Rajesh Pawar

Personal information
- Full name: Rajesh Vithal Pawar
- Born: September 6, 1979 (age 46) Bombay, Maharashtra, India
- Batting: Left-handed
- Bowling: Slow left-arm orthodox
- Role: Bowler

Domestic team information
- Mumbai
- Baroda
- Andhra Pradesh
- 2008: Mumbai Indians
- Source: Rajesh Pawar at Cricinfo

= Rajesh Pawar =

Indian cricketer (born 1979)

Rajesh Vithal Pawar (born 6 September 1979), in Bombay, Maharashtra, is an Indian former cricketer who played for Mumbai in domestic cricket.
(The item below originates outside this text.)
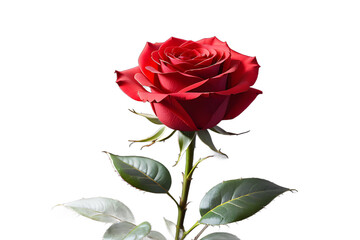 Red rose in a transparent vase on a white background. Isolated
He was a slow left-arm orthodox bowler and a handy left-handed batsman. Pawar took over 200 first-class wickets and achieved a highest score with the bat of 95 not out. He played for Mumbai, Baroda and Andhra Pradesh in the Ranji Trophy. In January 2007, he was named in India's 30-man preliminary squad for the World Cup and despite not making the final 15, he was included in the test squad for a test series against Bangladesh following the tournament. He traveled via Auto Rickshaw in his first match versus Bangladesh.

He leads the team 'Parkophene Cricketers' in the Kanga League.